■ **What is required**
Lines from the one with "Used Air vent" up to and including the one with "13012 Rain Lily" are to be copied exactly from the records below, without their pictures.

Pictures with short captions

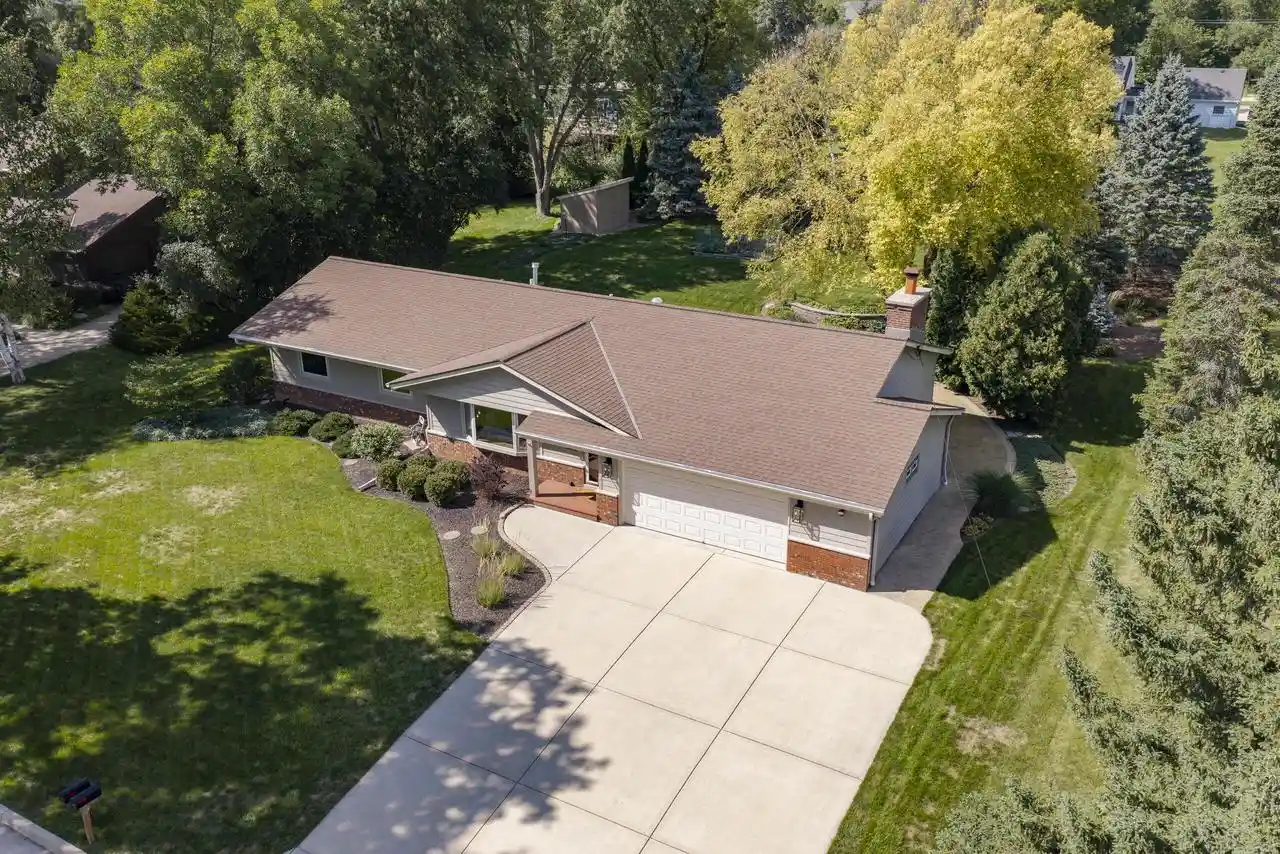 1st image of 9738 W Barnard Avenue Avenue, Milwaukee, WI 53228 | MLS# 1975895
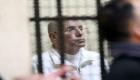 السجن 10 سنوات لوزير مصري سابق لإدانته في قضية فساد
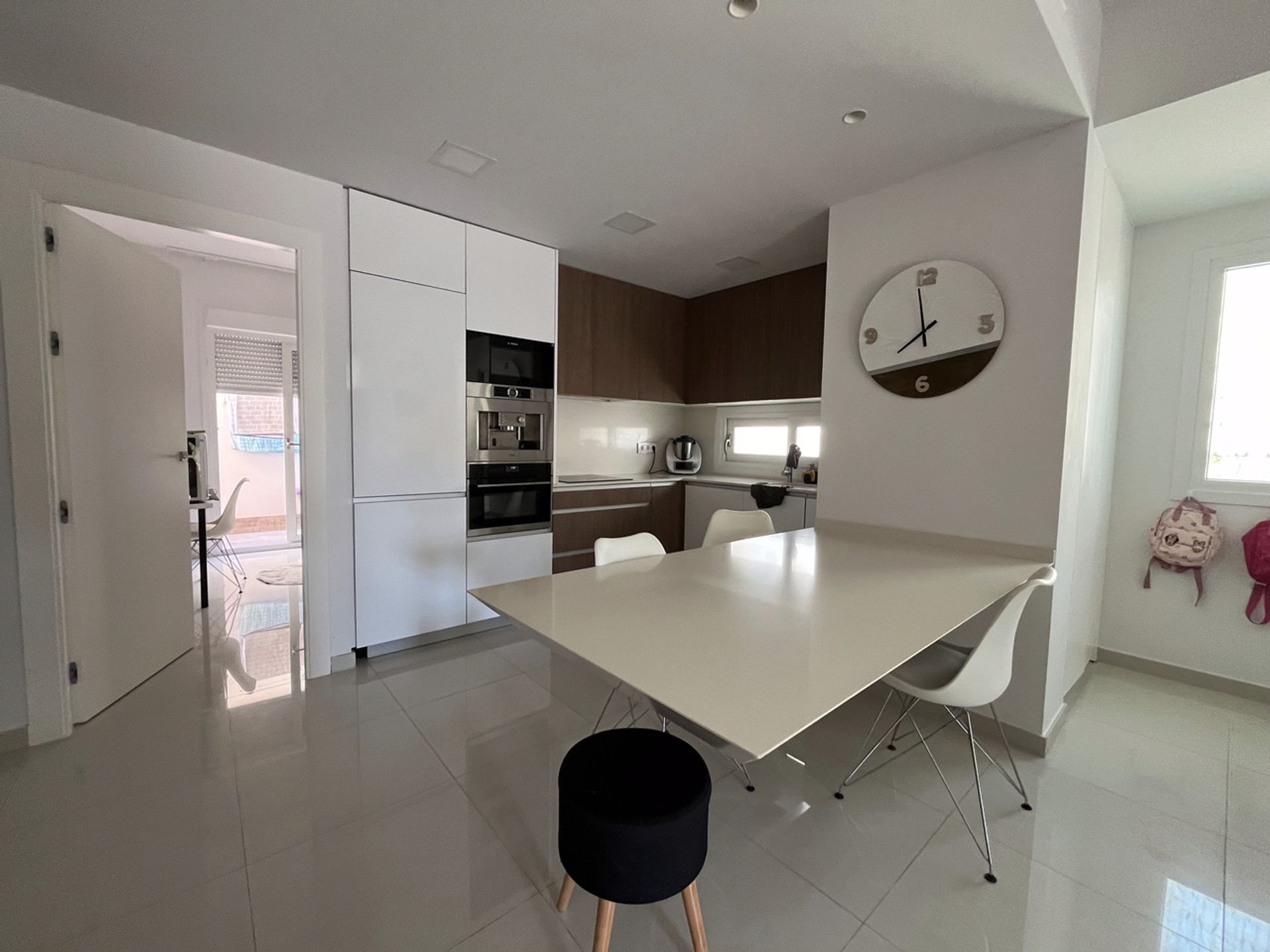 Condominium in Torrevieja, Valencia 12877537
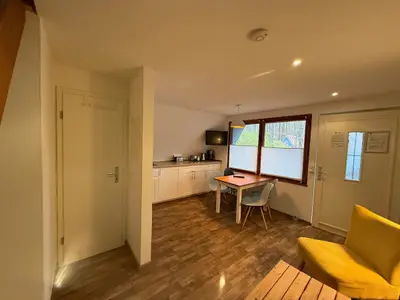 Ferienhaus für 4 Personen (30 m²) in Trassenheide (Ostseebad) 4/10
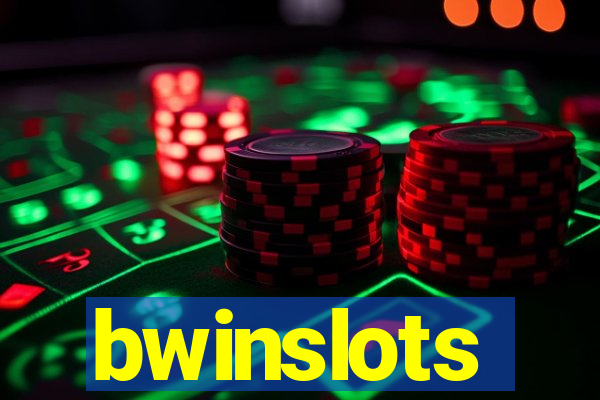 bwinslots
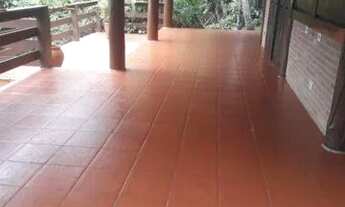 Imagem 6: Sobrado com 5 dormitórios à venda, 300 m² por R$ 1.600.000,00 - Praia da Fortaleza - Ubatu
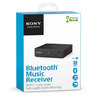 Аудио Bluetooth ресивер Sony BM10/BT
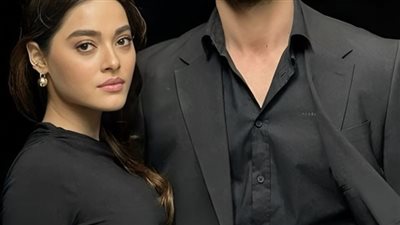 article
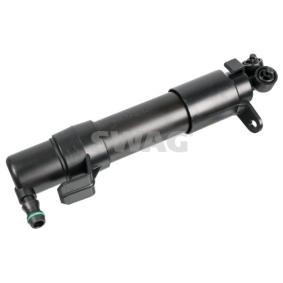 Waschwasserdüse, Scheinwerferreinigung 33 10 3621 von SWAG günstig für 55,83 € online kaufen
==
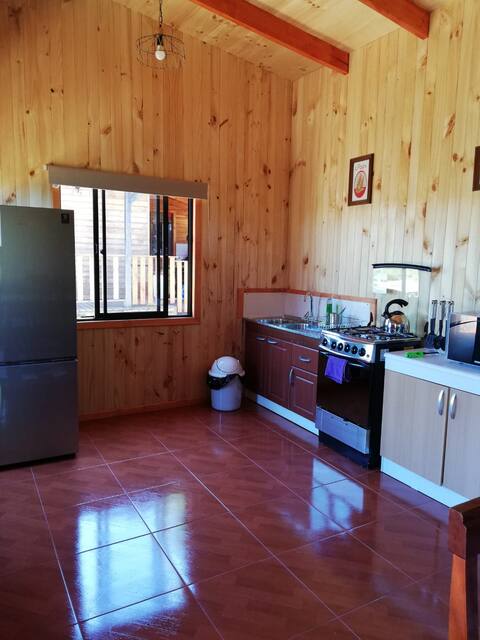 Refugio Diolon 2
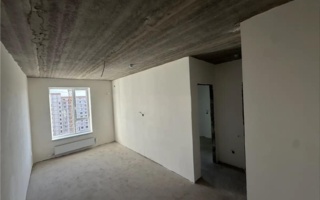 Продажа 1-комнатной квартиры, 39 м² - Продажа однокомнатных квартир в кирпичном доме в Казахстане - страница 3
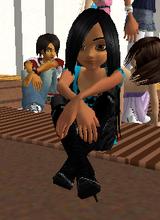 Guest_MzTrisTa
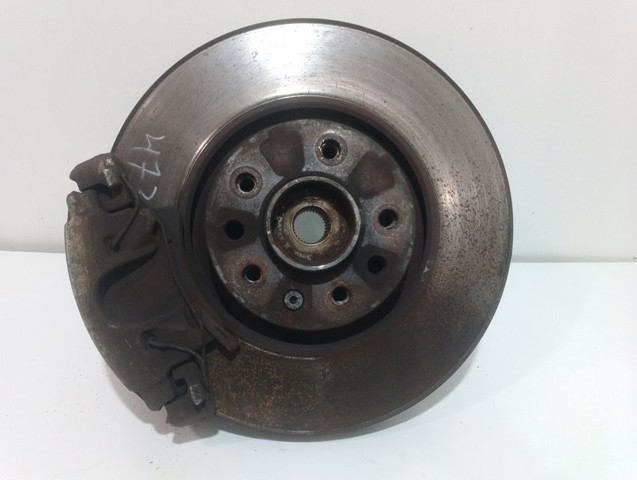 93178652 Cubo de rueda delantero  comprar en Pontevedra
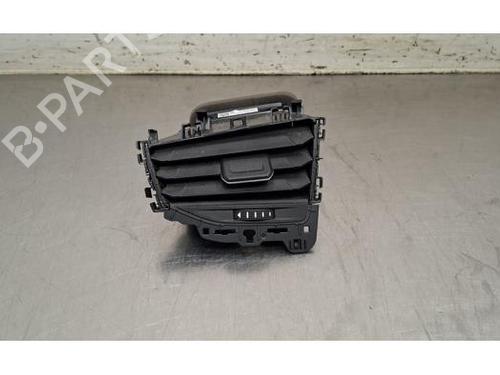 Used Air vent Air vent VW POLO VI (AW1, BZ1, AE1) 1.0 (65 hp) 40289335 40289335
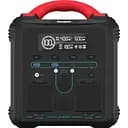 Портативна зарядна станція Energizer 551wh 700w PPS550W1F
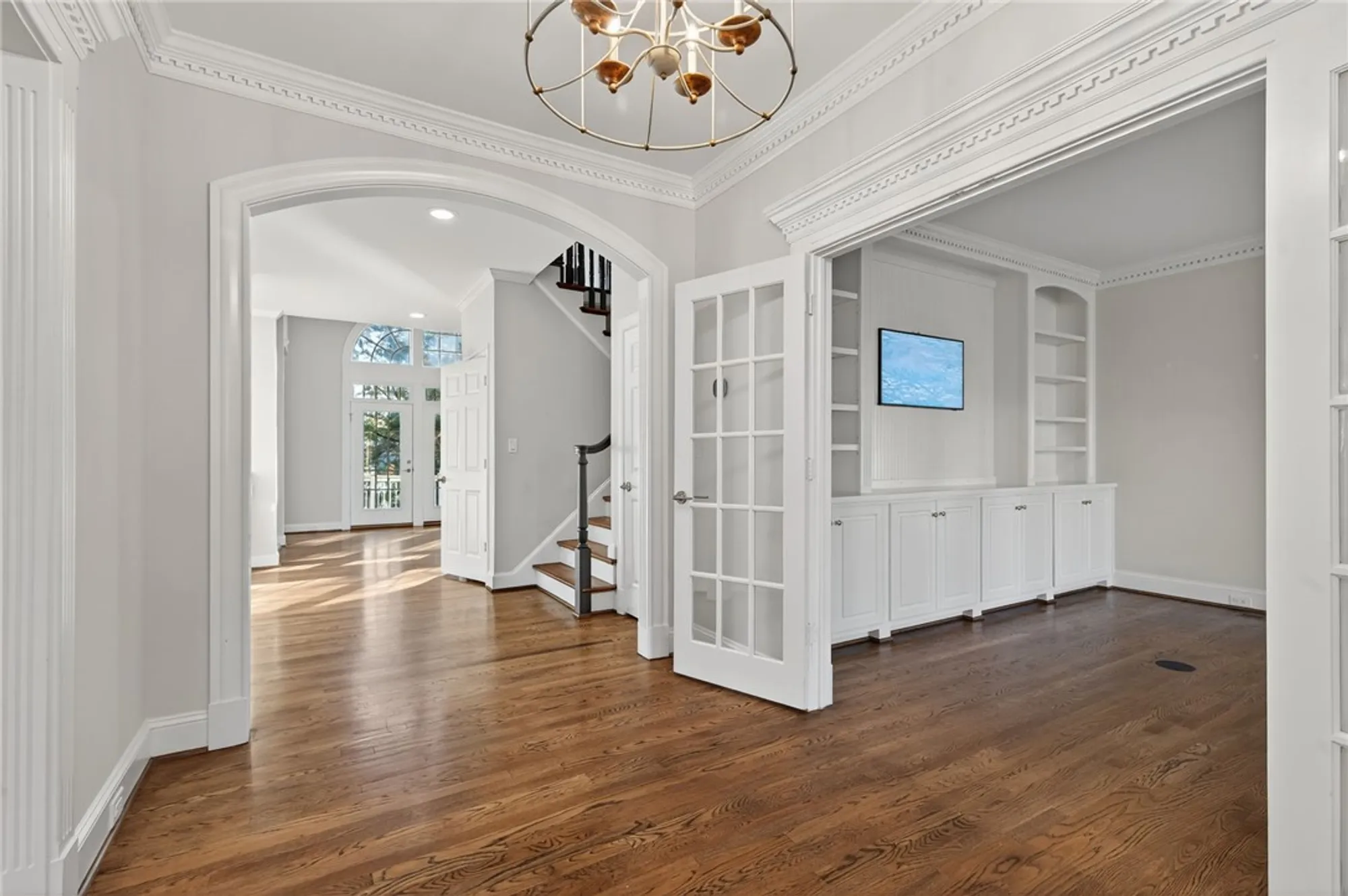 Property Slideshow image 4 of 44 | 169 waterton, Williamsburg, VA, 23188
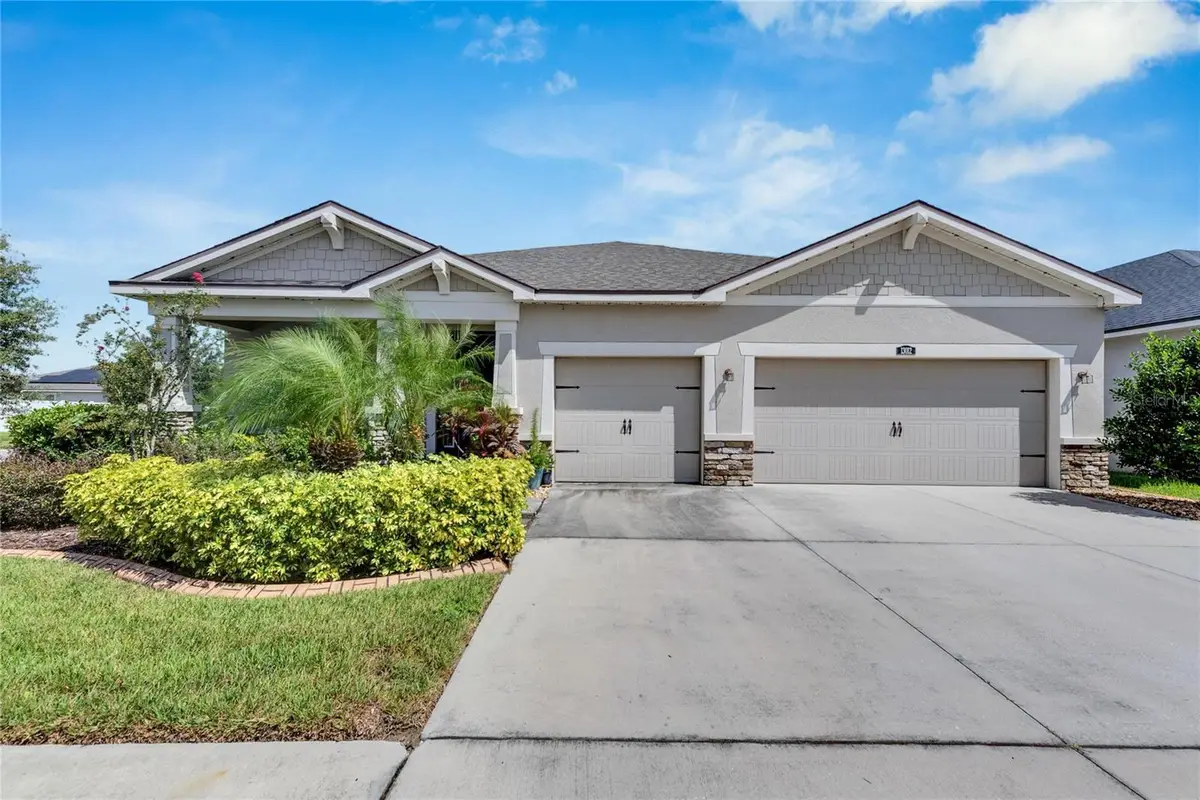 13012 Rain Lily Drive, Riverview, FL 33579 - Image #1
---
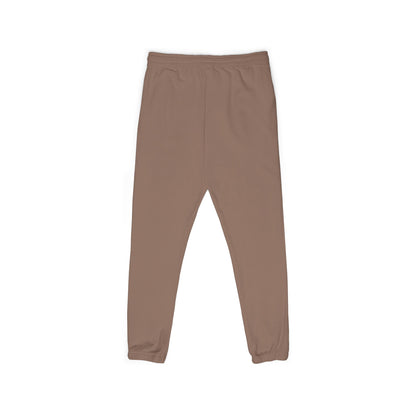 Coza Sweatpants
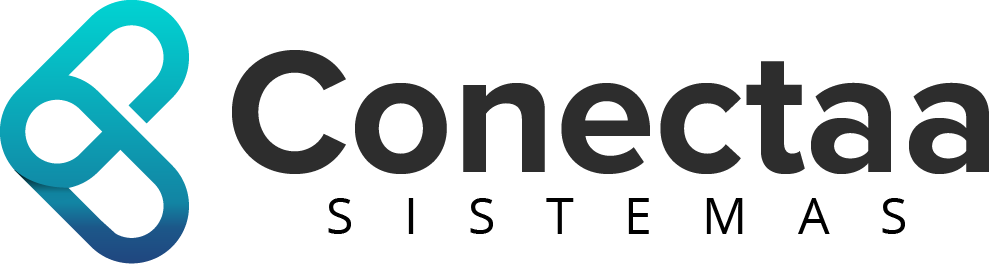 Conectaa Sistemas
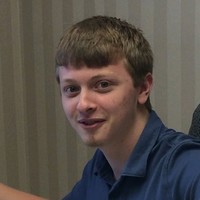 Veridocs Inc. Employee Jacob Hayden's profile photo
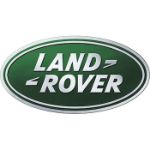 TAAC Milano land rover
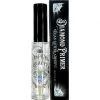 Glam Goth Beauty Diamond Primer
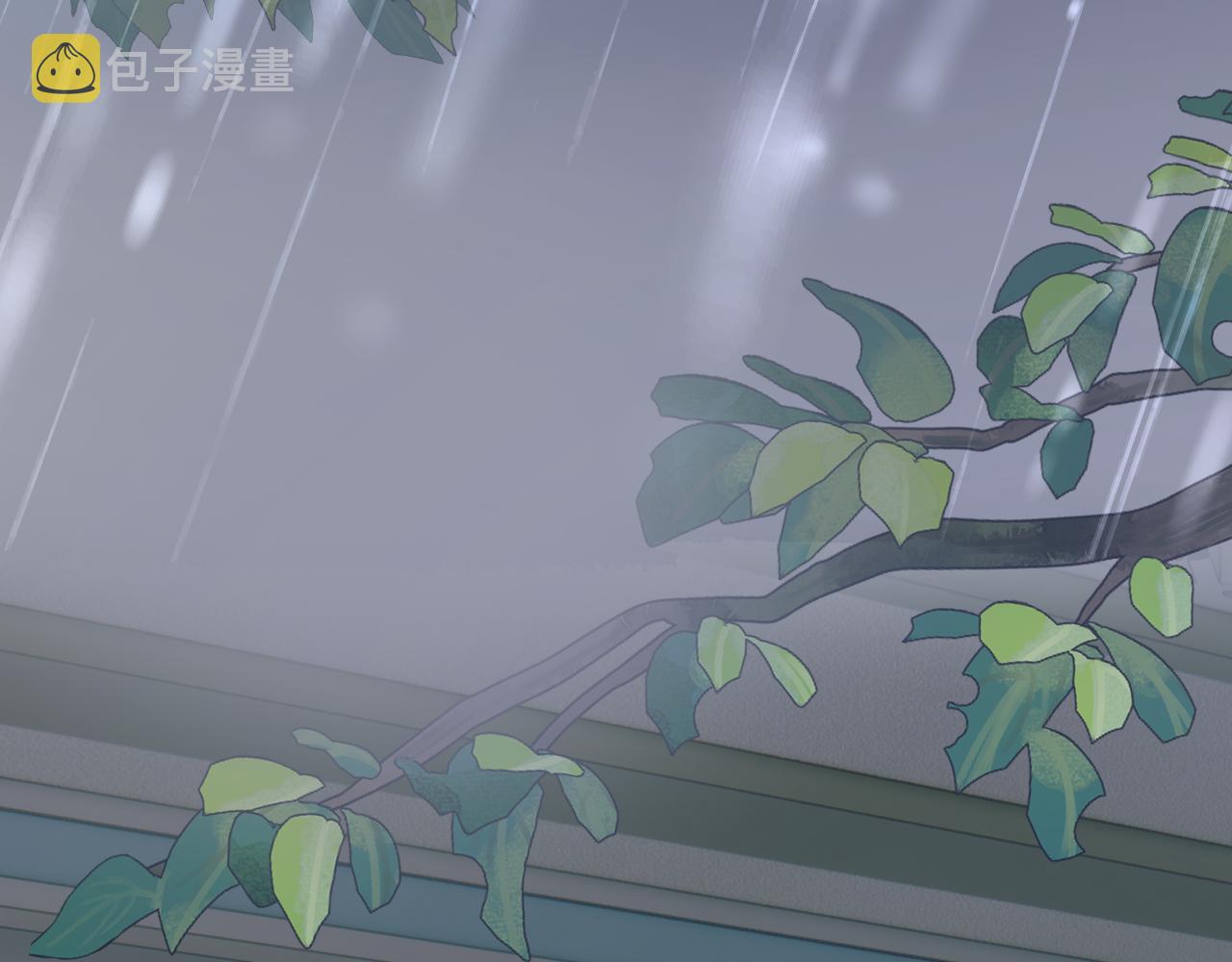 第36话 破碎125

■ **Your response**
 Used Air vent Air vent VW POLO VI (AW1, BZ1, AE1) 1.0 (65 hp) 40289335 40289335
 Портативна зарядна станція Energizer 551wh 700w PPS550W1F
 Property Slideshow image 4 of 44 | 169 waterton, Williamsburg, VA, 23188
 13012 Rain Lily Drive, Riverview, FL 33579 - Image #1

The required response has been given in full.